_WORK ORDER_: Exact copy without images: repeat every entry as written.

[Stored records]
################

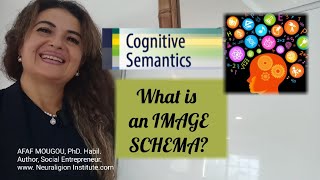 WHAT IS AN IMAGE SCHEMA Explained by Dr Afaf Mougou cognitivepsychology schemas [upl. by Olrak]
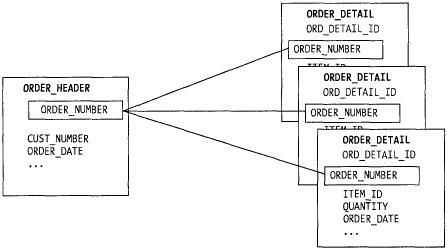 Хелен Борри - Firebird РУКОВОДСТВО РАЗРАБОТЧИКА БАЗ ДАННЫХ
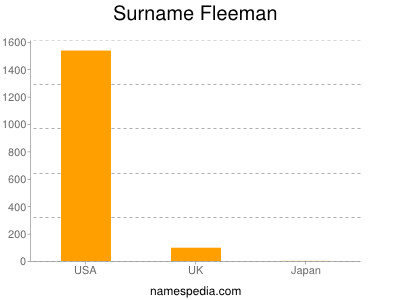 Familiennamen Fleeman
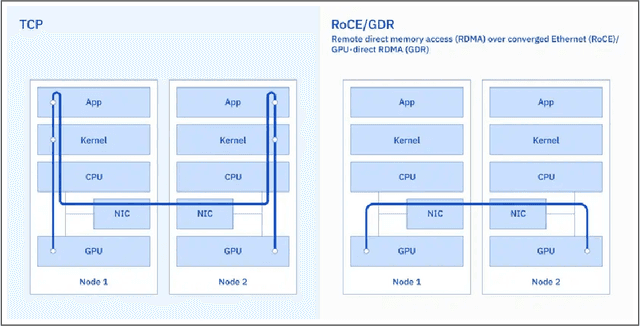 Figure 3 for The infrastructure powering IBM's Gen AI model development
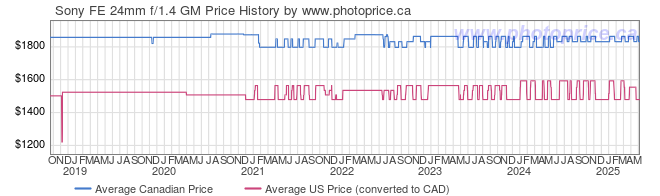 Price History Graph for Sony FE 24mm f/1.4 GM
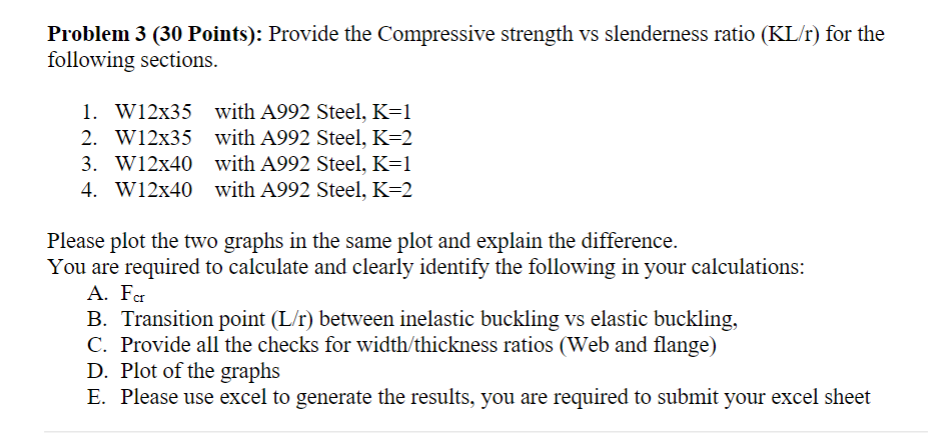 Solved Problem 3 (30 Points): Provide the Compressive | Chegg.com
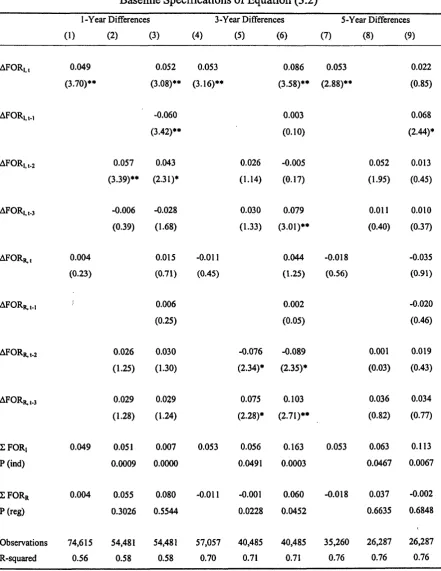 Table 3-3: The Effect of Foreign-Affiliate Presence on Productivity 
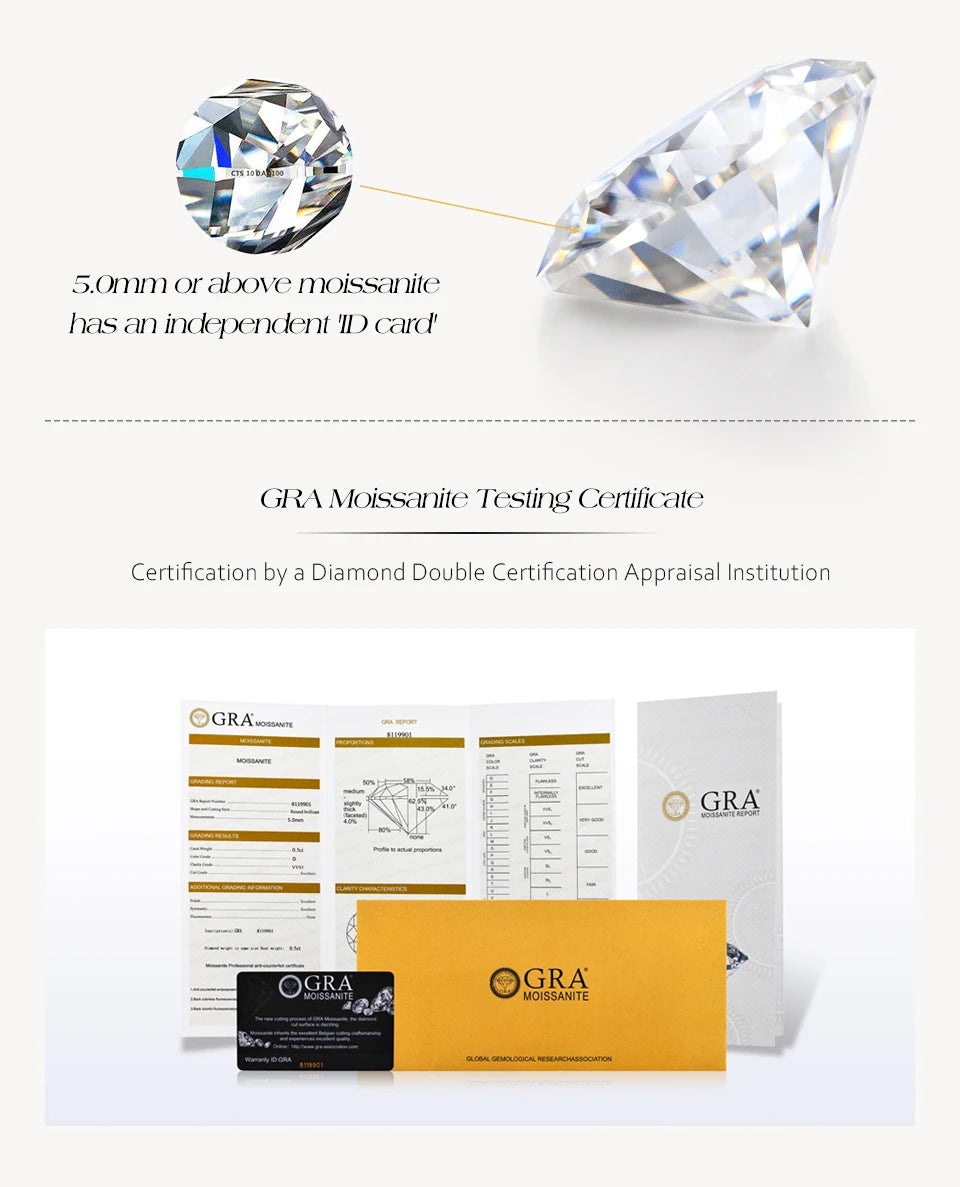 S925 Silver 18K Gold Plated 9.5mm Emerald Necklaces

################

_YOUR RESPONSE_:
 WHAT IS AN IMAGE SCHEMA Explained by Dr Afaf Mougou cognitivepsychology schemas [upl. by Olrak]
 Хелен Борри - Firebird РУКОВОДСТВО РАЗРАБОТЧИКА БАЗ ДАННЫХ
 Familiennamen Fleeman
 Figure 3 for The infrastructure powering IBM's Gen AI model development
 Price History Graph for Sony FE 24mm f/1.4 GM
 Solved Problem 3 (30 Points): Provide the Compressive | Chegg.com
 Table 3-3: The Effect of Foreign-Affiliate Presence on Productivity 
 S925 Silver 18K Gold Plated 9.5mm Emerald Necklaces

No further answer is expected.